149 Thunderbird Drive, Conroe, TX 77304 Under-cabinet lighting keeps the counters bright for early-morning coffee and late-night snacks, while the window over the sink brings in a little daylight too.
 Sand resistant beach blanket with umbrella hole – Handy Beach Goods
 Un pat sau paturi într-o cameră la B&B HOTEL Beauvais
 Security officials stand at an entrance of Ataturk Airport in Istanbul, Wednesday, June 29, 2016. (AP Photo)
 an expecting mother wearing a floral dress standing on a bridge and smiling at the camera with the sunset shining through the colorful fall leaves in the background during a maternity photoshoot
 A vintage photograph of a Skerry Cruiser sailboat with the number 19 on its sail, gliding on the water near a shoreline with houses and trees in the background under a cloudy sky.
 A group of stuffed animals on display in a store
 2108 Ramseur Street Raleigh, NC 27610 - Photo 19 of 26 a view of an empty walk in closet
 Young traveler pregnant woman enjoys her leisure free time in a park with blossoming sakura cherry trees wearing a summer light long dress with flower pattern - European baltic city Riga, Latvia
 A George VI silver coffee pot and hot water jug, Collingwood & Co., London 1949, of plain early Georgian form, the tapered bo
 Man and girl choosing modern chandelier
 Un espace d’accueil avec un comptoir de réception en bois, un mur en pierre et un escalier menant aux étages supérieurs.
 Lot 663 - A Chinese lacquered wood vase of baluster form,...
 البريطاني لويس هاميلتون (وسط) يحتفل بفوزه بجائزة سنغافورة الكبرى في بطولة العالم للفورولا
◇ ◇ ◇
• _WORK TO BE COMPLETED_
Retype word for word everything in the listing above from the line that holds "Un pat sau paturi" down to the line that holds "Security officials stand". Keep both end lines and leave out the rest.

• _ANSWER BOX_
 Un pat sau paturi într-o cameră la B&B HOTEL Beauvais
 Security officials stand at an entrance of Ataturk Airport in Istanbul, Wednesday, June 29, 2016. (AP Photo)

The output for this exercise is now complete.